◆ **RECORDS FOR PROCESSING**:
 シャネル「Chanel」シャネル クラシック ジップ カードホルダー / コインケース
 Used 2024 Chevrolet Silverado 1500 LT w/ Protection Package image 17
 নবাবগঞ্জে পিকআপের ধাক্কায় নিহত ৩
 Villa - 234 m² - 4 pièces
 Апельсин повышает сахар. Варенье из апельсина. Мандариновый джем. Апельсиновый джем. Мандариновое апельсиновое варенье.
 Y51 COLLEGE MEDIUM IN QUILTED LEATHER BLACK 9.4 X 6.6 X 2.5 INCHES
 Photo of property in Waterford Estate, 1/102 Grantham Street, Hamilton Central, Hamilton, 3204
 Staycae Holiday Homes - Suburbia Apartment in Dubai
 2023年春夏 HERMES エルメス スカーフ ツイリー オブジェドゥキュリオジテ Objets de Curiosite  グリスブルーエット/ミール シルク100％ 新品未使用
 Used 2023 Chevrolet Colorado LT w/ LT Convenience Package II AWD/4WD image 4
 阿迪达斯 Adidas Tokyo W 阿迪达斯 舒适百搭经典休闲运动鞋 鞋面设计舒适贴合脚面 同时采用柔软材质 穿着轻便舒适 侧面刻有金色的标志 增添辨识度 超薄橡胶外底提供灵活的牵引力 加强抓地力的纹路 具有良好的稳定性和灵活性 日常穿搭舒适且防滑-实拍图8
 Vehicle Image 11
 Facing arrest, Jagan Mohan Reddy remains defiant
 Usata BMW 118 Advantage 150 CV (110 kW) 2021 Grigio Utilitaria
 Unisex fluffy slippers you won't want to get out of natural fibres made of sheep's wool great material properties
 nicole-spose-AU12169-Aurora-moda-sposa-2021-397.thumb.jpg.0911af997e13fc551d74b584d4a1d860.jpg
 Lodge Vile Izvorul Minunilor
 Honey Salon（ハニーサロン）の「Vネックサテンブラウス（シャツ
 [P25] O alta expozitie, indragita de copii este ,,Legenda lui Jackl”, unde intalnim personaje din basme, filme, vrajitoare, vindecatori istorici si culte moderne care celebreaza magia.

◆ **REQUIRED WORK**:
Look above for every line with the word "Used" and copy it.

◆ **SOLUTION**:
 Used 2024 Chevrolet Silverado 1500 LT w/ Protection Package image 17
 Used 2023 Chevrolet Colorado LT w/ LT Convenience Package II AWD/4WD image 4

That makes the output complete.